С плеч легко слетает пончо,
Словно кондора крыла.
И пошли…
Рокотать пошли барабаны
Над селеньями, над просторами голыми.
Огнем полыхнули майданы,
Пахнули палеными смолами.
К плечу бы прижаться плечом бы,
Чтоб искрами ввысь дух наш выбился бы,
Чтоб танец могучий киломбо [76]
Стал гневом — не только лишь выплясами,
Чтоб грозно сквозь сумрак столетий
Сигналы огнистые высыпались,
Гляди же!

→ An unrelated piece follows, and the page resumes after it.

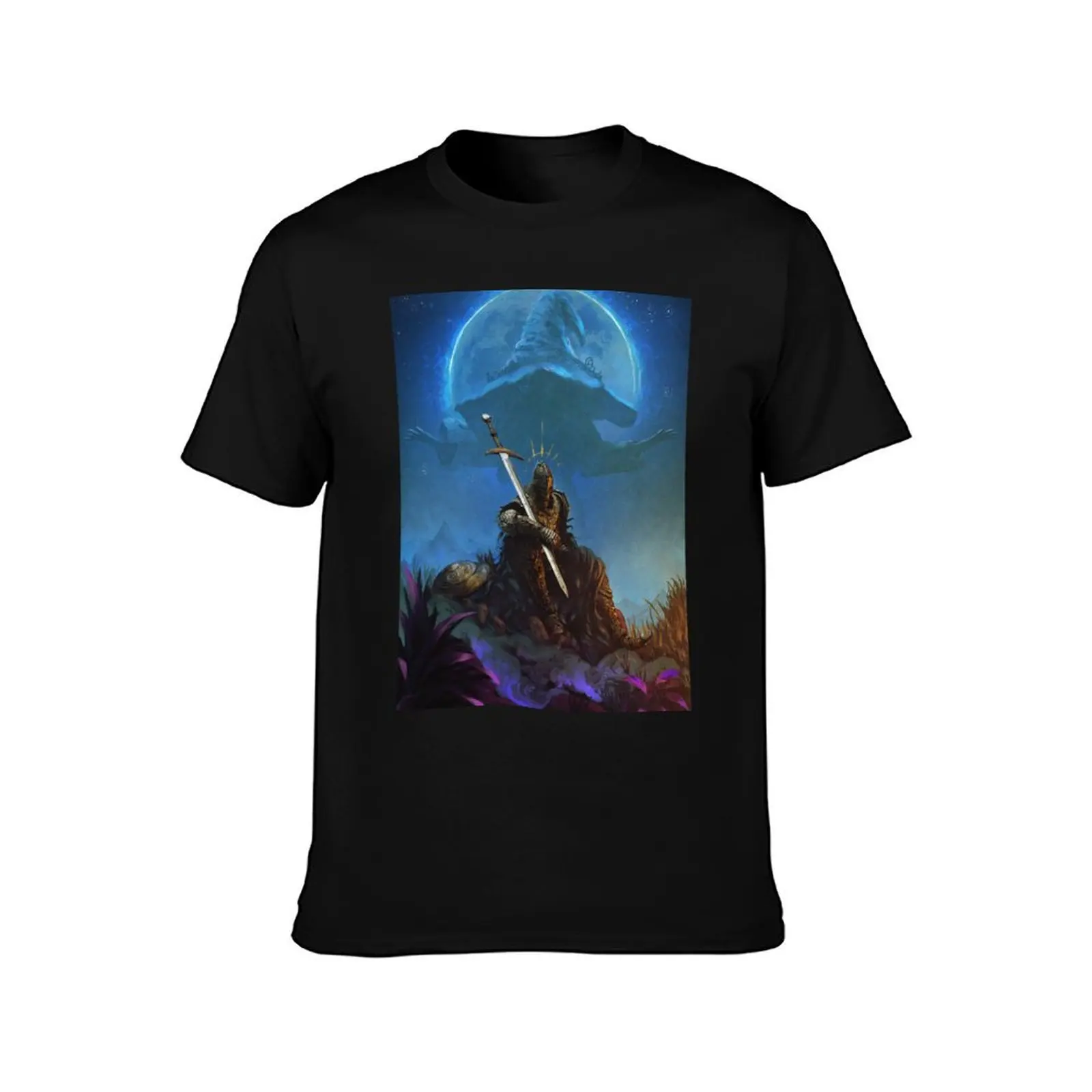 Pray the moon T-Shirt Holiday Outdoor T-Shirt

И сучья и ветви
Под зноем, под пламенем выпростались.
Танцуй же киломбо, парень!
Девушка, — в круг, танцевать!
Оземь звените же в паре!
Вместе. Вместе. За пядью пядь.
Танцуй, гарцуй, кружись, вертись,
Вольней, смелей, в полет.
Всё дальше вдаль,
всё выше ввысь
До самых до высот,—
Чтоб люди вместе собрались,—
Так голос твой зовет…
И вдруг крутеж на спад,
И вдруг на спад каскад.
И вдруг удар
на снос,
на сруб.
Громовый возглас труб.
Металла поступь.
Медный глас.
Не стон безвольных орд.
И вот в поход,
и вот в полет
Зовет аккорд,
Грядет аккорд,
Поднявшись в рост, плечист.
И слышу я, как он растет,
Циклона непомерный свист.
Труба накалена. Уперся звук в зенит.
И мост аккордов вдруг провис,
Вскричал внезапно тромбонист,
Последний шквал ворвался в зал,
Настал неистовый финал.
Обрушился, осыпался обвал.
Завершилось далекое-близкое веянье крыл,
И воздух насквозь трепетаньем прощальным пропитан.
И вот дирижер торжественно-тихо закрыл
Свою партитуру на черных ладонях пюпитра.